Policies are expressed in ODRL [1], a W3C specification that provides an information model, a vocabulary, and encoding mechanisms for representing statements about the usage of content.
Rules consists of four components:
- assignee: the subject that makes the request;
- target: the dataset on which the subject wants to perform operation;
- action: the category the operation requested falls in;
- purpose: the reason for which the dataset is being requested (a different definition with respect to ODRL vocabolary, see MOSAICrOWN vocabolary).
A MOSAICrOWN policy example containing a single permission rule follows:
{
"@context": [
"http://www.w3.org/ns/odrl.jsonld",
"https://www.mosaicrown.eu/ns/mosaicrown.jsonld"
],
"uid": "http://example.com/policy/1",
"permission": [{
"uid": "http://example.com/policy/1/1",
"assignee": "http://example.com/user/Alice",
"target": "http://example.com/table/CardHolder/Email",
"action": "read",
"purpose": "marketing"
}]
}
Rules can be declared at different granularity levels. For example someone may state a rule on an entire organization, a role, or a specific individual. Based on the concept of hierarchies, the policy engine is able to accept or deny specific access requests taking into account rules specified at different hierachy levels.

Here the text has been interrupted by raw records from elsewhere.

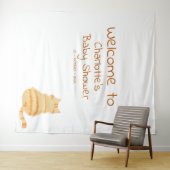 Cute Fat Orange Cat Baby Shower Photo Backdrop Wandkleed (In Situ (horizontaal))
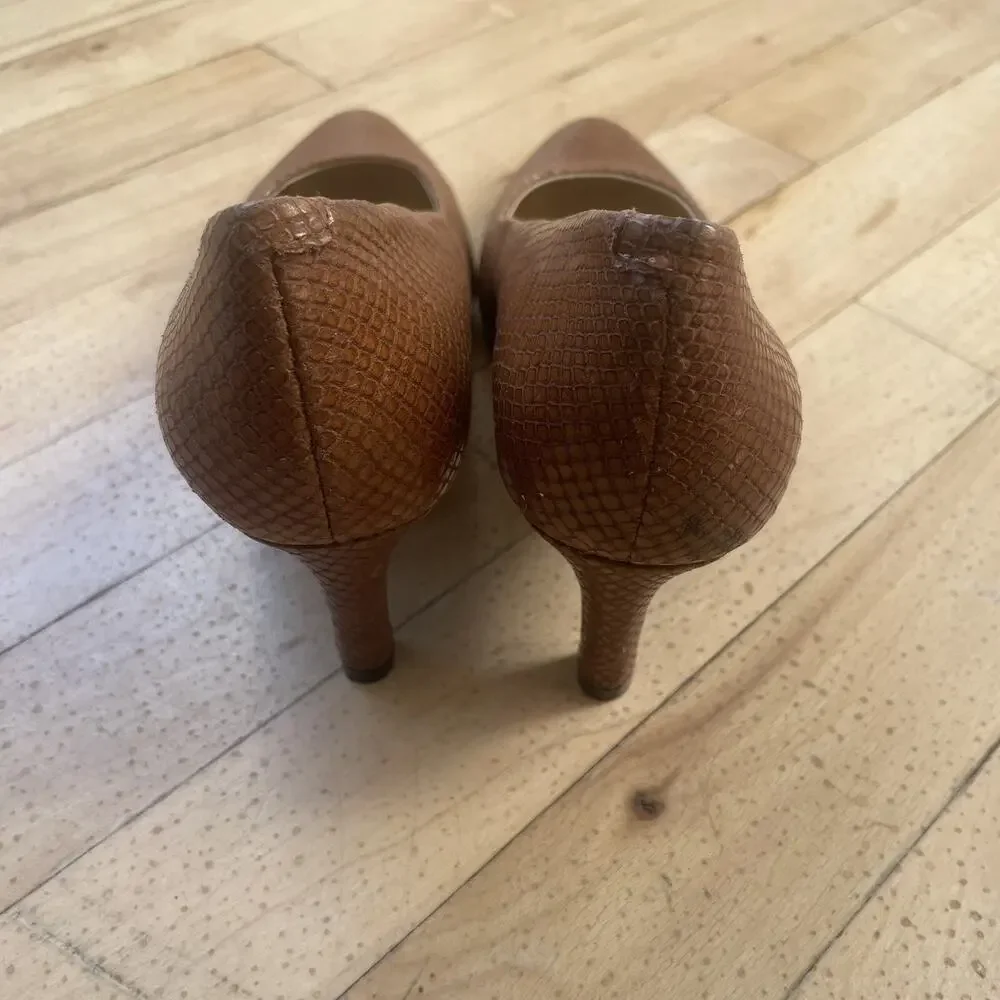 Lauren Ralph Lauren Women's Harper Dress Pump Tan Glossy Snake Womens Sz 6.5‎ B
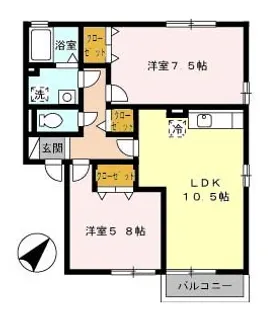 ベルデュール吉田 A棟【2階】の間取り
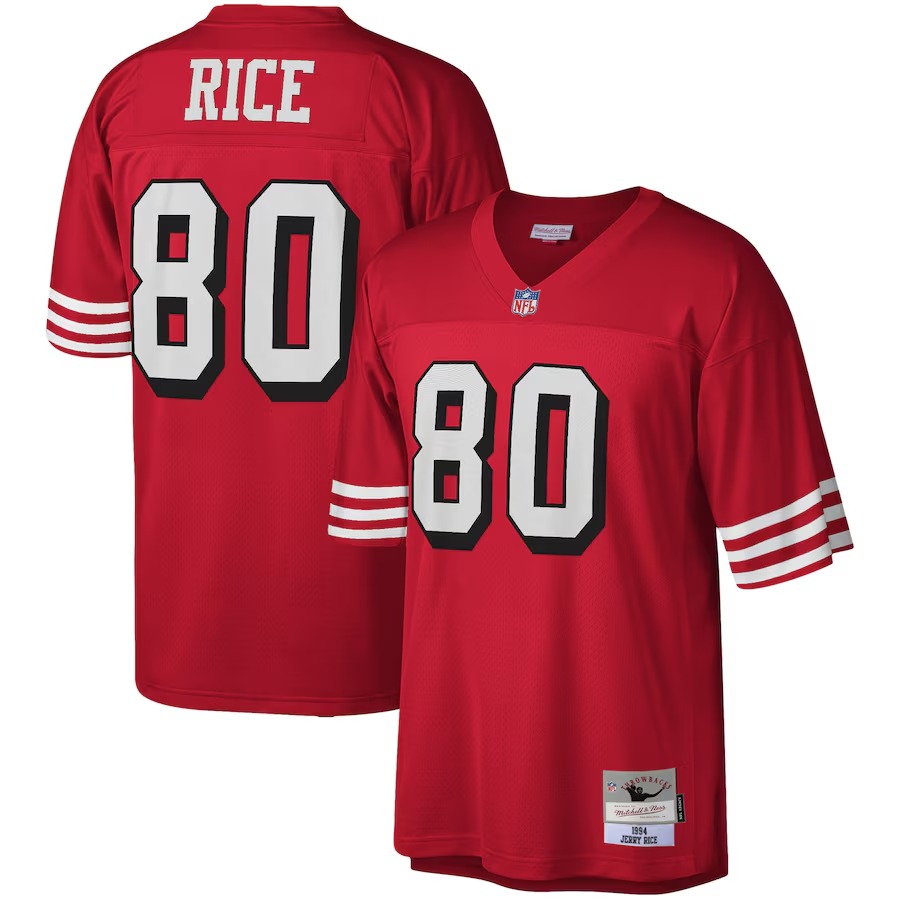 Men's San Francisco 49ers Jerry Rice Mitchell & Ness Scarlet Legacy Replica Jersey - Ujersey Shop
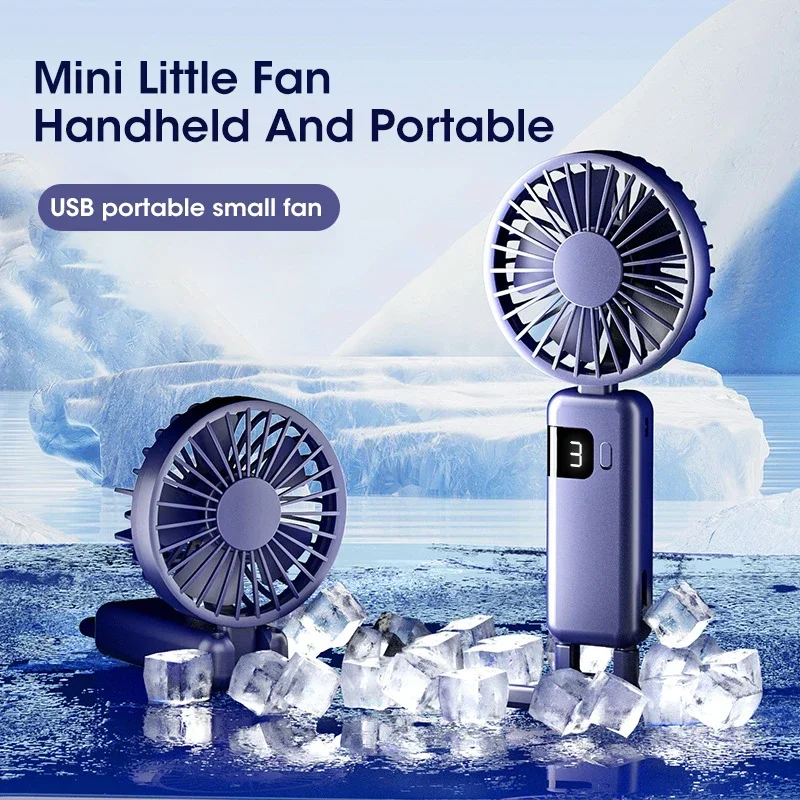Handheld Mini Fan USB Rechargeable 5 Speeds Strong Wind Super Quiet Portable with Hook for Travel Outdoor Home Cooling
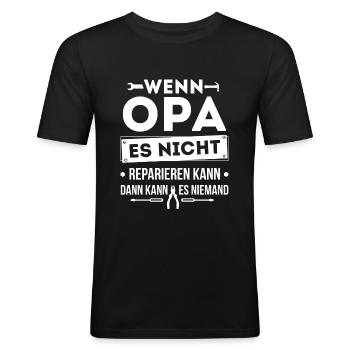 Opa Handwerker reparieren - Männer Slim Fit T-Shirt - Schwarz - Vorne - Nik (191cm)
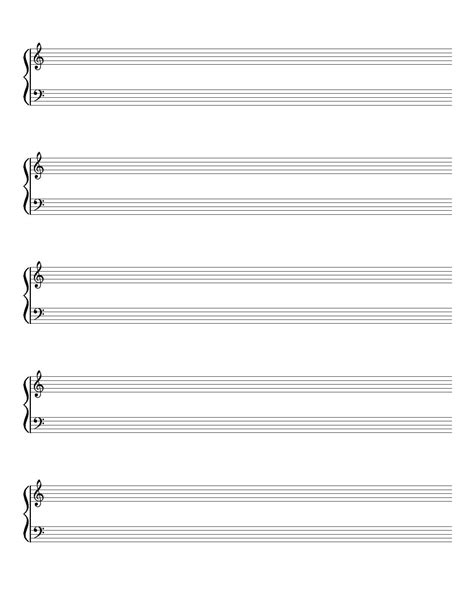 Grand Staff Printable Blank Sheet Music Music Staff Paper Etsy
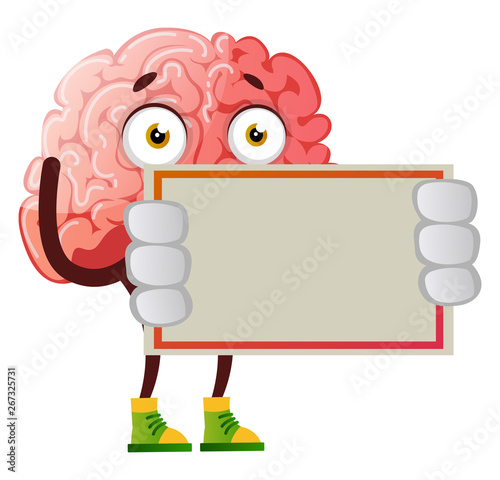 Brain is holding a piece of paper, illustration, vector on white background.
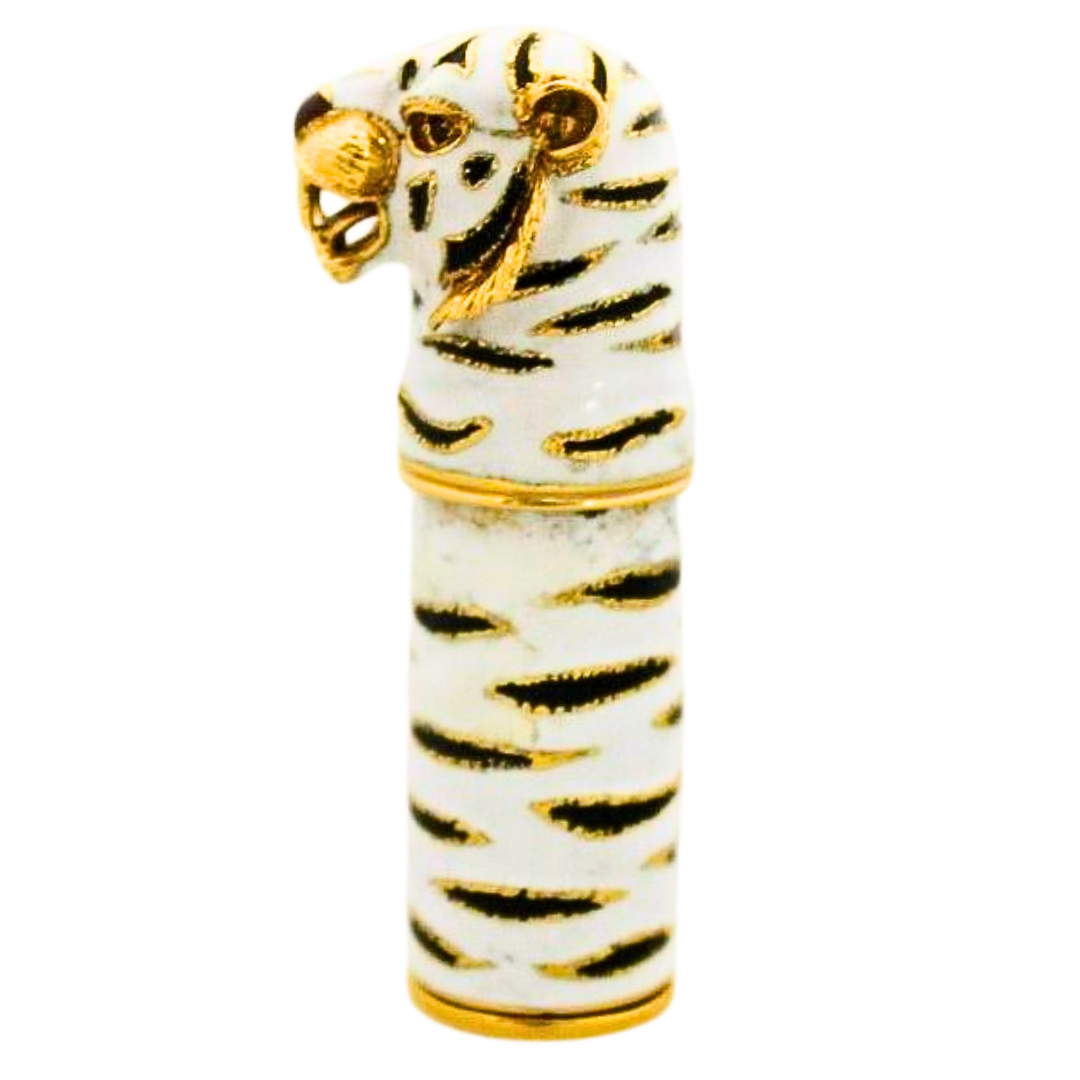 Gucci Vintage White- Black & Red Enamel Tiger 18K Yellow Gold Perfume Dispenser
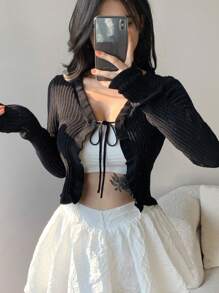 DAZY Women's Lace-Trimmed Drawstring Tie-Front Cardigan, Suitable For Dates,Fall Clothes - Black - View 7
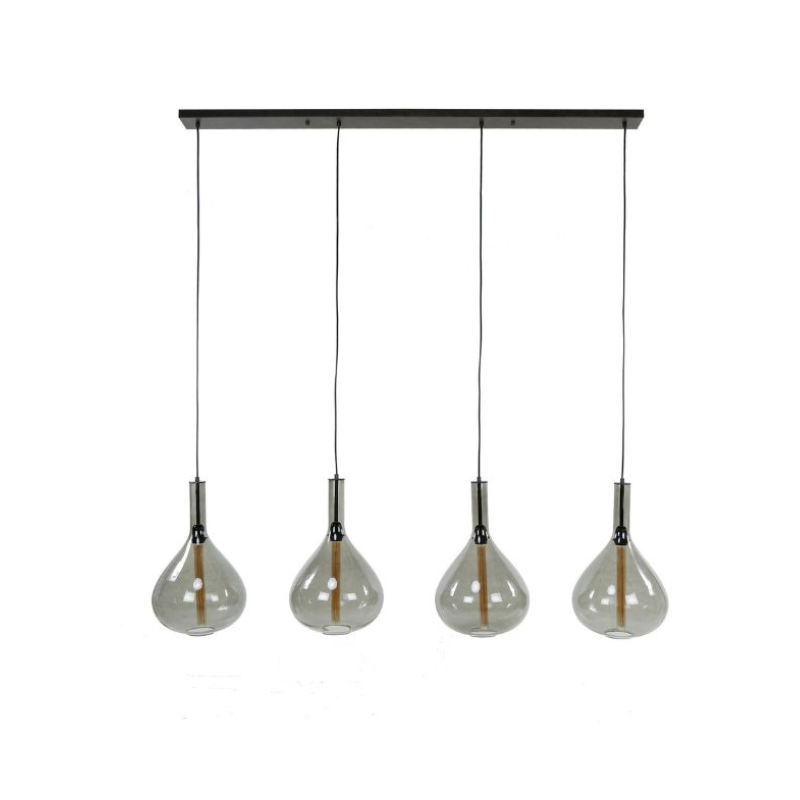 Ariana 4 String Smoke Glass Pendant Light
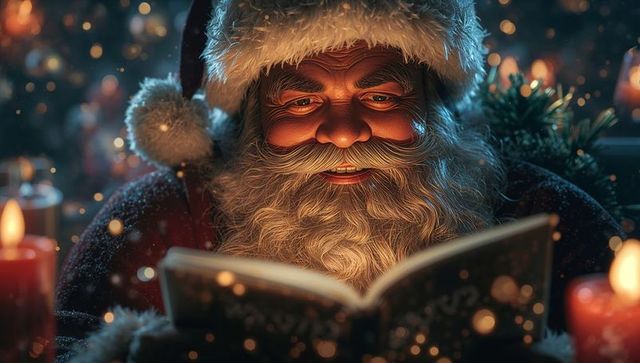 Santa Claus Reading a Book by Candlelight with Christmas Decor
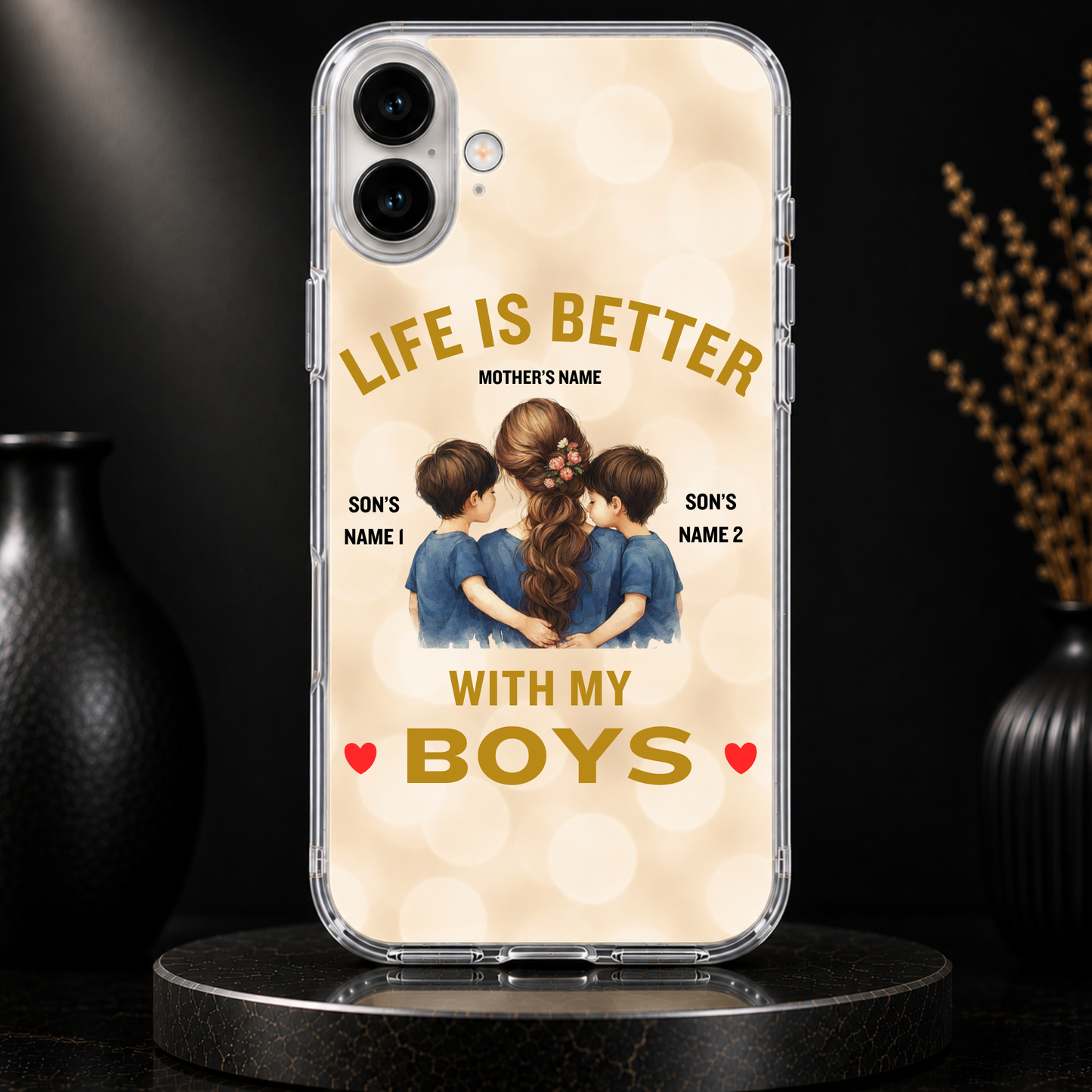 LIFE IS BETTER WITH MY BOYS (MOM & 2 SONS)-IPHONE HARD CASE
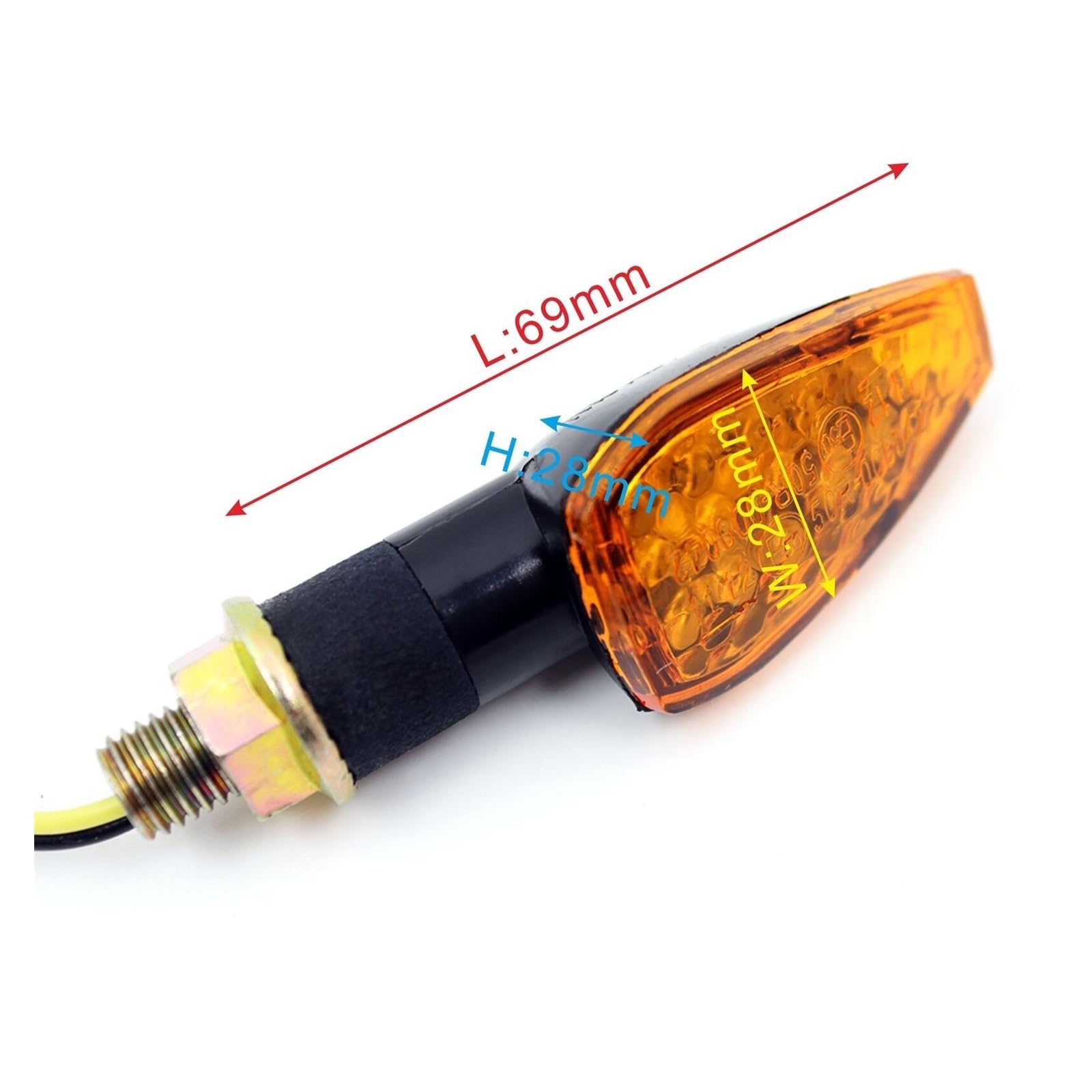Moto Universali Indicatori Di Direzione Per moto a LED 14 Indicatori di direzione a LED Indicatori di direzione lampeggianti Indicatori di direzione luci ambra Gruppo ottico 10mm 12V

Hierarchies are supported on any of the four rule components.
If two or more attributes of the same object can be accessed together, they must appear together in a policy rule.
In the following example we show two relational table and the permission rules on them.
An access request like:
SELECT P.CustomerID, P.Amount, P.Merchant
FROM Payment as P
even thought it accesses columns part of permissions, it is denied by the policy engine as no permissions rule allows the joint visibility of those columns.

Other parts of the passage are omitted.